Questions about construction of Lebesgue measure in Rudin's RCA

Question

I have questions about the construction of Lebesgue measure in Rudin's RCA (Theorem 2.20).

1. On pg52, Rudin defines $\lambda(E) = m(E+x)$ for measurable $E$ and says that $\lambda$ is a measure. But, why is $E+x$ measurable?

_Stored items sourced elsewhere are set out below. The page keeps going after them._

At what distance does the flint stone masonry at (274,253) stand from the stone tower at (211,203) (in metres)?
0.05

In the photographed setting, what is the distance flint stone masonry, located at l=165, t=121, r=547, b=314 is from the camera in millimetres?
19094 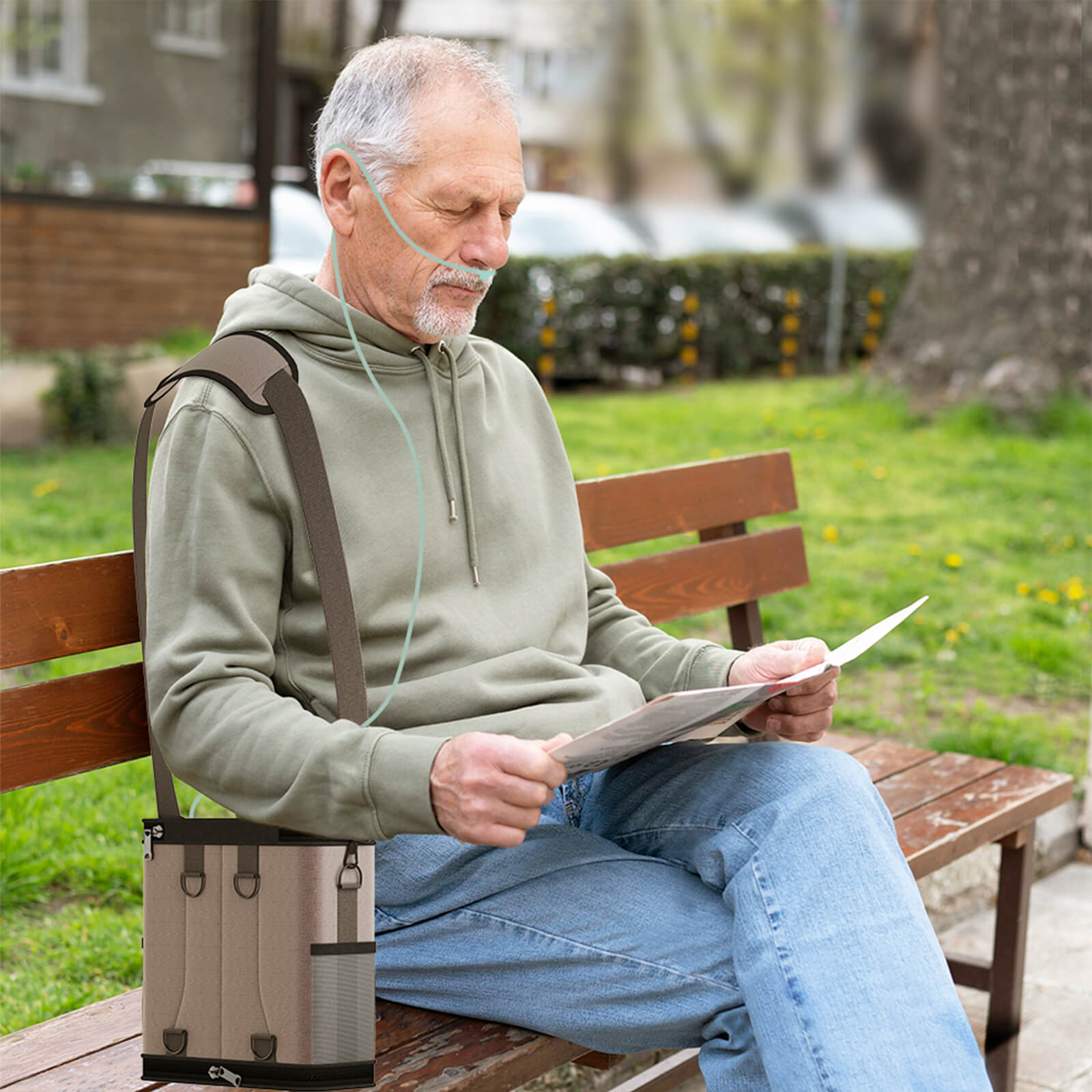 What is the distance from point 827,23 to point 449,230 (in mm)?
17262

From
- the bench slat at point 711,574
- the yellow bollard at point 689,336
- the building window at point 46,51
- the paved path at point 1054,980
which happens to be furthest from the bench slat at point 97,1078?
the yellow bollard at point 689,336

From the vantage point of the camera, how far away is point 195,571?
1797mm

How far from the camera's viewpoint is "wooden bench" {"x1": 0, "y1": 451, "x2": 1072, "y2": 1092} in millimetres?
1926

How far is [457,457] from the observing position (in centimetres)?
214

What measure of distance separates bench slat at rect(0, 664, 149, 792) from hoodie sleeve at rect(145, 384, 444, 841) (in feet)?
0.89

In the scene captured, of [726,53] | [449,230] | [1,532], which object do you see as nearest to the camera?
[449,230]

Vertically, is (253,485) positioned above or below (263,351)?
below

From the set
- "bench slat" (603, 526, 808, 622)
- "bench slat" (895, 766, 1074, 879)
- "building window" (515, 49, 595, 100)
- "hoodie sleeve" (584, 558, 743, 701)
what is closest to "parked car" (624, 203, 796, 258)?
"building window" (515, 49, 595, 100)

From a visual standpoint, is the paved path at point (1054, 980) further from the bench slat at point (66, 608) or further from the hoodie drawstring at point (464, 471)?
the bench slat at point (66, 608)

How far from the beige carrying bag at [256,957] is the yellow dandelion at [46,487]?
5.32 m

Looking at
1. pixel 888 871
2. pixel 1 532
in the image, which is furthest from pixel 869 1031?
pixel 1 532

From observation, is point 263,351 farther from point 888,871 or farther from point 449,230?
point 888,871

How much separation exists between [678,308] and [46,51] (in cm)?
491

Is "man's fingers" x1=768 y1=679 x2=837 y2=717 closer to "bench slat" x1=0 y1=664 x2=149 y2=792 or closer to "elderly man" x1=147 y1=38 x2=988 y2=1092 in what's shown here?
"elderly man" x1=147 y1=38 x2=988 y2=1092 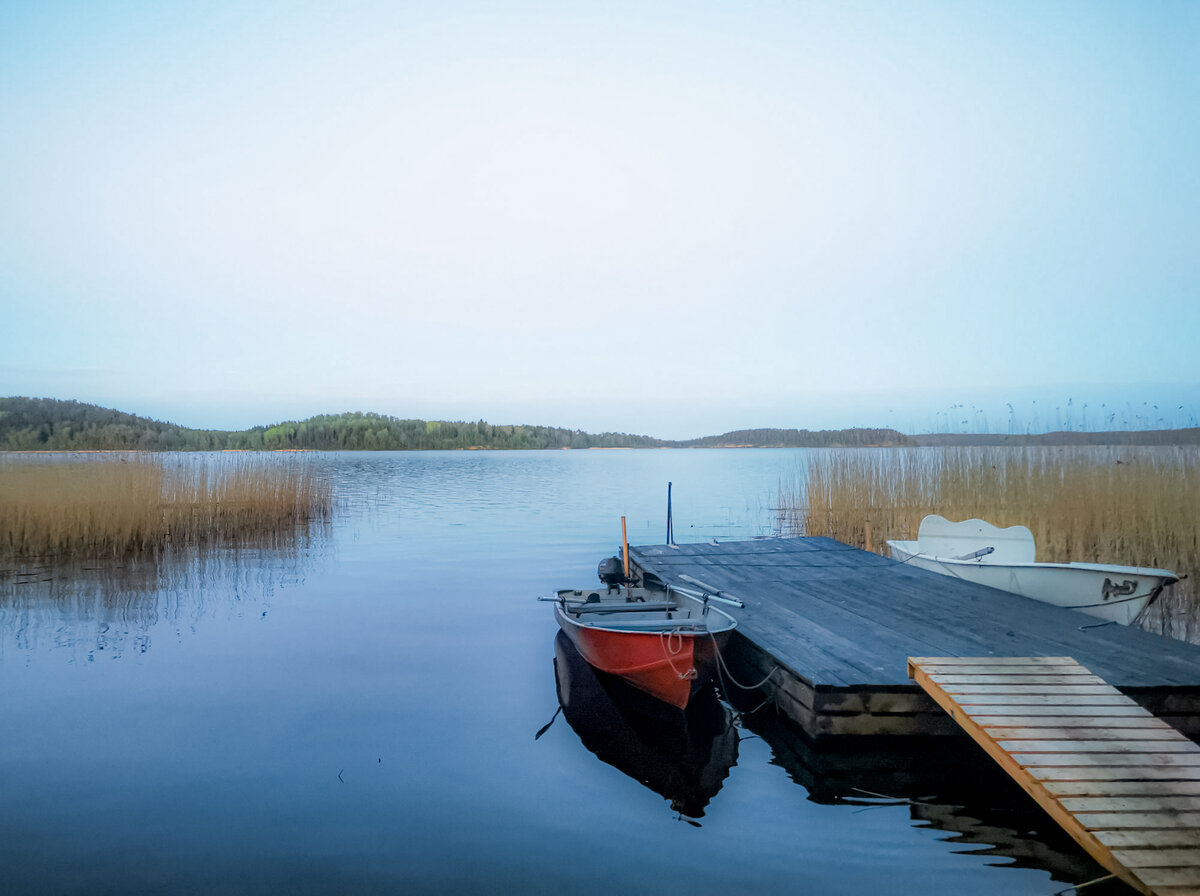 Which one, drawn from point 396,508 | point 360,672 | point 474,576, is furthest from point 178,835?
point 396,508

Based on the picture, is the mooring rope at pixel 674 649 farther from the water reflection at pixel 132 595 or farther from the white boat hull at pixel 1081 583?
the water reflection at pixel 132 595

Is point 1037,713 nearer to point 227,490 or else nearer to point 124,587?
point 124,587

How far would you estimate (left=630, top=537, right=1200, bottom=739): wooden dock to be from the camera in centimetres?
471

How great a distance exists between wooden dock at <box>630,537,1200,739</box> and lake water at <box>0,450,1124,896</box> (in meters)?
0.29

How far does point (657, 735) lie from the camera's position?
219 inches

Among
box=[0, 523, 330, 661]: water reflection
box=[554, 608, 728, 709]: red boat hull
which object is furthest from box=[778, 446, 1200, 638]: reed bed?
box=[0, 523, 330, 661]: water reflection

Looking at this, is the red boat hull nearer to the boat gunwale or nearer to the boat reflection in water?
the boat reflection in water

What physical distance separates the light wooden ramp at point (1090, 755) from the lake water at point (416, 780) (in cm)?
44

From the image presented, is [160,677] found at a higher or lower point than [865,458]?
lower

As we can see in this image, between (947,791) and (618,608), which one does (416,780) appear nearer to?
(618,608)

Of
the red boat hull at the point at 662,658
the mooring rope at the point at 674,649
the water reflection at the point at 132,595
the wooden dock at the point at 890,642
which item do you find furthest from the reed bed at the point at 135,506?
the mooring rope at the point at 674,649

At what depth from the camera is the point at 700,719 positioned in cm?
581

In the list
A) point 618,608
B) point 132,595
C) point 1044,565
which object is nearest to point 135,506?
point 132,595

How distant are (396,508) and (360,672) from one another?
16.5 m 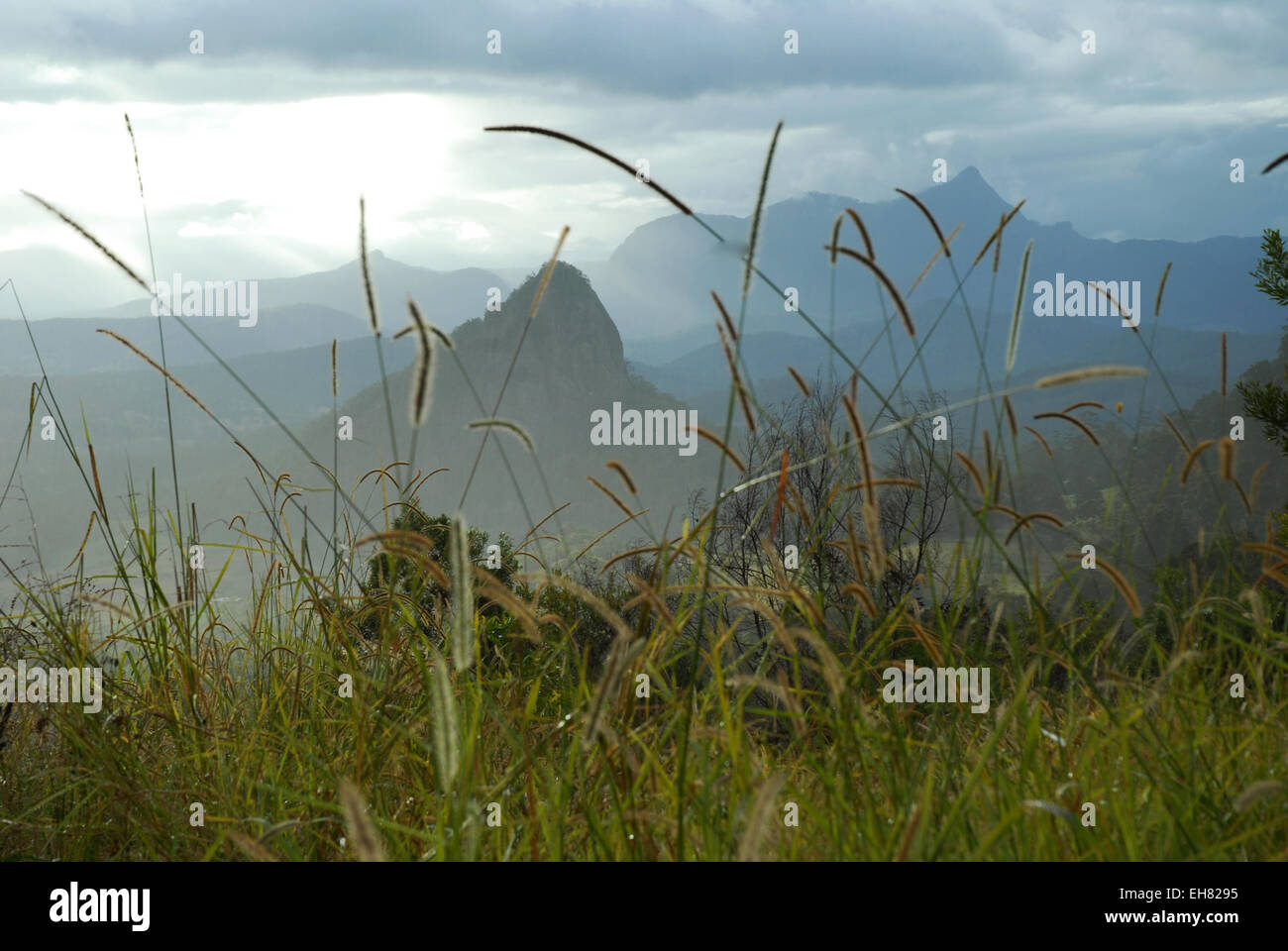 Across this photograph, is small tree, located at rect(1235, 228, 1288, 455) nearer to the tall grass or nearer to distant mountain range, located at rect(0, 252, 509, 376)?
the tall grass

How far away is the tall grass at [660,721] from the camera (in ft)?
5.41

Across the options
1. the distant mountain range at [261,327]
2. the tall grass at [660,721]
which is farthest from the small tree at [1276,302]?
the distant mountain range at [261,327]

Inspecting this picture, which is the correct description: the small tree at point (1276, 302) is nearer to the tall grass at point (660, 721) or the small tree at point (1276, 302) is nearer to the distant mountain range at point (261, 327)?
the tall grass at point (660, 721)

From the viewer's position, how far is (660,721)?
2498 millimetres

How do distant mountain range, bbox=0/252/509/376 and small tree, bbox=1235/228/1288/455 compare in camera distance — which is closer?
small tree, bbox=1235/228/1288/455

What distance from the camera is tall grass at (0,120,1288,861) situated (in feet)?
5.41

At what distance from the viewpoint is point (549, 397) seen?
150375mm

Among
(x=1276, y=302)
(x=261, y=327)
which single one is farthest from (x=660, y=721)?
(x=261, y=327)

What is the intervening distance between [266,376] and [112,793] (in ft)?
500

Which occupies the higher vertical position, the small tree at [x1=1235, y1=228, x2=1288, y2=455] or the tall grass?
the small tree at [x1=1235, y1=228, x2=1288, y2=455]

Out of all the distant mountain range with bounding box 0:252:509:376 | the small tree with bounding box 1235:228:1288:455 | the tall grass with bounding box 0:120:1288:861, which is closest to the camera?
the tall grass with bounding box 0:120:1288:861

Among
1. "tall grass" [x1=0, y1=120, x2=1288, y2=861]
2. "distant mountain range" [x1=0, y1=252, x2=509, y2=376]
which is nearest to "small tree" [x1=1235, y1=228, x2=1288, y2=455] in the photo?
"tall grass" [x1=0, y1=120, x2=1288, y2=861]

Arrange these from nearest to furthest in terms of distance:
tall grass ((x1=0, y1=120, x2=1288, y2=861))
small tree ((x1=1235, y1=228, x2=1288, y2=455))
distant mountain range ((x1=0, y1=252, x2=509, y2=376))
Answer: tall grass ((x1=0, y1=120, x2=1288, y2=861)) → small tree ((x1=1235, y1=228, x2=1288, y2=455)) → distant mountain range ((x1=0, y1=252, x2=509, y2=376))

2. In the same paragraph on pg 52, Rudin first shows $\lambda(E) = m(E)$ for all boxes, then using the observation he makes in the preceding paragraph, he shows $m(E+x) = m(E)$ for all Borel sets $E$, then finally he says the same equality holds for every measurable $E$, by using 2.20(b). But, can't I make the same conclusion without using 2.20(b)? Theorem 2.18 shows the regularity $\lambda$ and $m$, so the conclusion holds immediately. Doesn't it?

Answer 1

1. There are many ways to show this. Suppose $E$ is measurable, then by that we mean there exists $A\subset E \subset B$, such that $B$ is a $G_\delta$ set and $A$ is an $F_\sigma$ set,and $m (B \setminus A) = 0$. Now, denote $K_x=K+x$ for any set $K$. We notice $B_x \setminus A_x = (B\setminus A)_x$. We would like to show $m (B_x \setminus A_x) =0$, and it's enough to show that translation maps null sets to null sets. Let $N$ be a null set, then we notice that for any cover $\{ B_n^{\epsilon} \} $ of open cubes (or dyadic, or closed...), such that $m( \bigcup B_n ^{\epsilon}) < \epsilon$. By Taking finite unions and intersections we may take disjoint cubes. Now; The collection $\{ (B_n ^\epsilon)_x \}$ is a cover of $N_x$ with the measure (or volume, since we're talking about cubes). This is easy to show, each cube in the collection retains its volume.Now, because $\epsilon$ is arbitrary - $N_x$ is null set.
2. The corollary of 2.18 is relevant to Borel measures, meaning, this is true for any set $F$ in the Borel collection, but the Lebesgue collection is larger, and at first sight it is unclear if a completion of a regular measure is still regular (with respect to the, perhaps, greater collection of sets).